How to Understand Imaginary Numbers

In basic arithmetic, every number “squares” to a positive number. The number 4 squared (that is, multiplied by itself four times) is 16, and the number negative 4 squared is also 16. This is fine as far as it goes, but over the last few centuries mathematicians realized that it was useful to work with another quantity, which they defined as the square root of negative one (symbolized by “i”)—what they called an imaginary number.

Any imaginary number can be formed from multiples of i. Although it is technically possible to assign symbols to “the square root of minus 2” or “the square root of minus one-half,” it is formally easier just to write these imaginary numbers as multiples of the square root of negative one. So, the square root of minus 2 is denoted as 2i, and the square root of minus one-half as 1/2i.
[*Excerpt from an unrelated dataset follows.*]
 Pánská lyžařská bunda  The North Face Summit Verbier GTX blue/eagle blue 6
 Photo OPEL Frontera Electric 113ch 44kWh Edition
An imaginary number is one component of a “Complex Number.” Mathematicians and physicists rarely work with purely imaginary numbers; rather, they juggle what are known as complex numbers, which are made of a real number combined with an imaginary number. Examples of complex numbers include 5 + 2i or minus 17 + 7.5i. Conveniently, complex numbers can be added, subtracted, multiplied and divided, just like counting numbers.

Imaginary and complex numbers aren’t part of the classic number line. On a straight number line, it’s a simple matter to determine that (for example) the number 17 is larger than the number 3. However, imaginary and complex numbers are charted on what’s known as the “Complex Plane,” an extension of the number line to two dimensions. For this reason, there’s no sense in which (say) the number 5i is greater than or lesser than the number 2.

Imaginary numbers aren’t just a human invention. Part of the reason imaginary numbers are so useful is that nature makes use of them in all sorts of ways, ranging from relativity theory to quantum physics. That’s why physicists will tell you that imaginary or complex numbers are every bit as real as snowflakes, rather than quantities that have been made up by mathematicians to amuse themselves!